I am trying to rewrite my code from one big function to oop.
If I have this, it crash on session.add(a1) # Unresolved reference
:
from sqlalchemy.ext.declarative import declarative_base
from sqlalchemy import *
from sqlalchemy.orm import *
Base = declarative_base()
class Address(Base):
__tablename__ = 'address'
id = Column(Integer, primary_key=True)
street = Column(String, nullable=False)
city = Column(String, nullable=False)
user = relationship('User', back_populates="address")
class Main():
def __init__(self):
engine = create_engine('mysql://test:test@localhost:3306/test', echo=False)
Session = sessionmaker(bind=engine)
session = Session()
def insert(self):
# INSERT
a1 = Address()
a1.street = "Str 123"
a1.city = "City WTF"
session.add(a1) # Unresolved reference
session.commit()
if __name__ == '__main__':
Main().run()
I understand it. session
is local object in constructor (__init__
).
But how can I put object "directly to class"? In Java I do something like:
public class Main {
Engine engine;
Session session;
public Main() {}
engine = create_engine('mysql://test:test@localhost:3306/test', echo=False)
session = sessionmaker(bind=engine)
}
private insert() {
//...
session.commit();
}
}
How can I do it in python? Sorry for stupid question, I am python newbie.
--------------------- EDIT:
class Main():
engine = None # What I write here? How declare uninitialized object?
session = None # What I write here?
def __init__(self):
engine = create_engine('mysql://test:test@localhost:3306/test', echo=False)
Session = sessionmaker(bind=engine)
session = Session()
def insert(self):
# INSERT
a1 = Address()
a1.street = "Str 123"
a1.city = "City WTF"
self.session.add(a1) # Is possible to call session without "self"?
self.session.commit()
The methods on your Main
class look like they belong in the Address
class.
engine = create_engine('mysql://test:test@localhost:3306/test', echo=False)
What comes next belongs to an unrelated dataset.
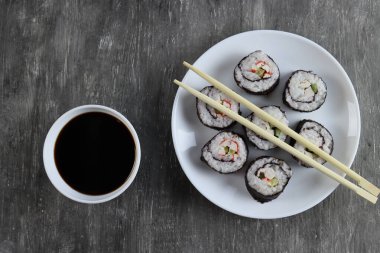 Salatalıklı taze suşi ruloları, yengeç çubukları ve koyu arkaplanda soya sosu.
session = sessionmaker(bind=engine)
class Address(Base):
__tablename__ = 'address'
id = Column(Integer, primary_key=True)
street = Column(String, nullable=False)
city = Column(String, nullable=False)
# you are missing some fields you'll need eventually
state = Column(String, nullable=False)
zip_code = Column(String, nullable=False) # this can be an int if you don't have to worry about Canadian zips which have letters in them
user = relationship('User', back_populates="address")
def __init__(self, street, city, state, zip_code, user):
self.street = street
self.city = city
self.state = state
self.zip_code = zip_code
self.user = user
def insert(self, session):
# INSERT
session.add(self)
session.commit()
You shouldn't create the session as part of a class because then you will be creating a new one every time you instantiate a class. Keep the session in the global space and pass it in to your methods/functions that need it as a parameter (don't use global
).
Now with everything in right place you can use it like this:
from models import session, Address
addr = Address('123 Test St.', 'Sometown', 'NY', '12345', some_user)
addr.insert(session)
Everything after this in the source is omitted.